Perjalanan ke Mada'in
Tengah malam pasukan Muslimin sudah memasuki kota Bahrasir. Tak ada yang merintangi mereka untuk cepat-cepat pergi ke arah Tigris untuk menyeberang dan menyerbu Mada'in serta daerah-daerah sekitarnya. Tetapi jembatan untuk penyeberangan sudah tak ada lagi, juga tak ada kapal yang dapat membawa mereka. Mereka berhenti di tepi sungai. Pemandangan yang mereka lihat di depannya sungguh memukau.

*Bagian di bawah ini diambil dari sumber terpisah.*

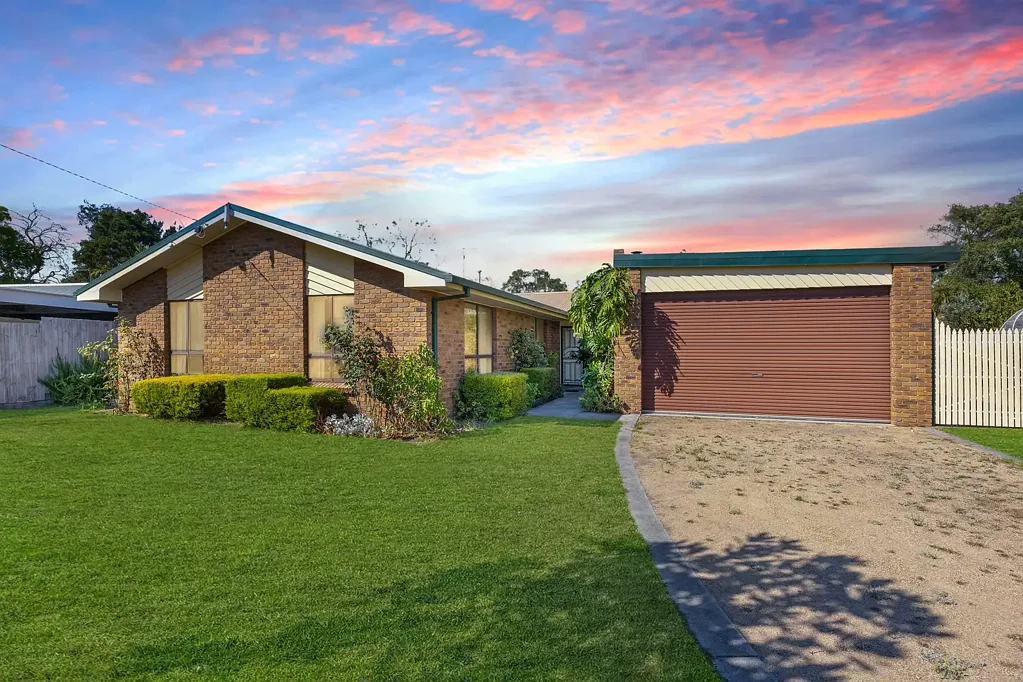 19 Bellbangra Avenue, Rosebud, VIC 3939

Mereka hanya berdiri tercengang, melihat semua itu dengan mata terbelalak, dengan hati bergolak, hampir tidak percaya apa yang sedang mereka saksikan di depan mereka itu: Sebuah bangunan besar yang sungguh indah, megah dan mewah, berdiri di depan mereka di seberang pantai dengan ketinggian yang tak biasa buat mata mereka, tampak ciri warna putih, kendati dalam malam gelap pekat. Malam terasa lembut, langit bersih dan angin bertiup semilir sedap menambah kelembutan malam dan pemandangan yang begitu indah dan agung. Pasukan itu menahan napas, mata terbelalak, mulut ternganga, karena perasaan yang sudah dikuasai rasa kagum. Berturut-turut kelompok-kelompok pasukan itu datang ke pantai sungai. Mereka berdiri masih dipengaruhi kekaguman, seolah mereka sudah terpaku di tempat masing-masing.

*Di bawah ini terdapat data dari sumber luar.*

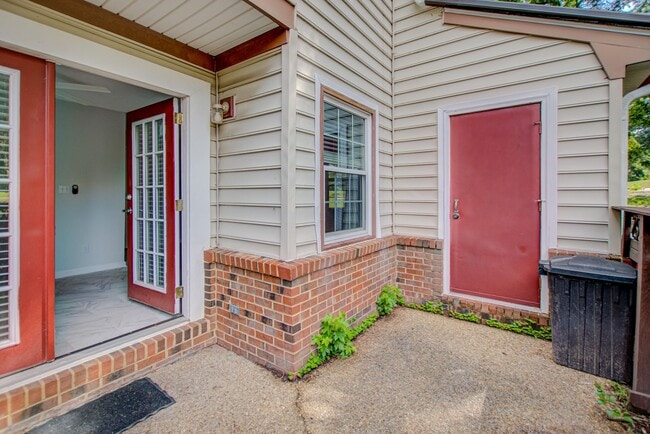 Building Photo - 2 Bed, 2 Bath Centrally Located Condo in G...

Sesudah kemudian datang Dirar bin Khattab dan rombongannya dan melihat seperti yang mereka lihat, ia bertakbir dengan sekuat-kuatnya: Allahu Akbar! Inilah warna putih istana Kisra! Inikah yang dijanjikan Allah kepada Rasul-Nya? Ketika itulah suara takbir itu bergenia dari segenap penjuru. Mereka semua yakin sekarang, bahwa mereka sudah di depan Ruang Sidang Istana Kisra, yang selama ini sering mereka dengar disebutkan dalam sajak-sajak para penyair dan menjadi buah bibir orang, sehingga mereka hanya menyerah kepada kerinduan untuk menyeberang ke Iwan Kisra, Ruang Sidang Istana itu, lalu mengelilinginya untuk memuaskan mata, kemudian memasukinya.

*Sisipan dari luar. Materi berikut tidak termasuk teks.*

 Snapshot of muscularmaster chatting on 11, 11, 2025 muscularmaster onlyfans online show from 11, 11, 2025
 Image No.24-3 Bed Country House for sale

Mereka ingin melihat Takhta Kisra di depan balairungnya yang agung itu, ingin panglima tinggi mereka duduk di atas takhta itu mengucapkan kalimat tauhid, lalu disambut dengan gema suara di segenap penjuru istana, bahwa Allah telah menepati janji-Nya: Dijadikan-Nya seruan orang kafir menyuruk jatuh sampai ke dasar dan firman Allah menjulang tinggi sampai ke puncak. Allah Mahamulia, Mahabijaksana.
Tidak heran jika pasukan Muslimin dibuat begitu tercengang melihat istana Kisra. Istana ini termasuk salah satu keajaiban dunia saat itu. Bukan tuanya yang menimbulkan kekaguman, ketika itu usianya belum begitu lama, pembangunannya belum sampai seratus tahun. Tetapi keindahan dan keagungannya itulah yang telah menimbulkan kekaguman. Dibangun oleh Kisra Anusyirwan tahun 550 M., sebuah bentuk bangunan yang telah mengalahkan bangunan Rumawi dan Yunani yang paling megah sekalipun. Bagian depannya lebih dari seratus lima puluh meter dan tingginya melebihi empat puluh meter, dengan kubah-kubah yang bertengger di atas balairungnya yang lima buah menjadi mahkota yang menambah keindahan dan keagungannya.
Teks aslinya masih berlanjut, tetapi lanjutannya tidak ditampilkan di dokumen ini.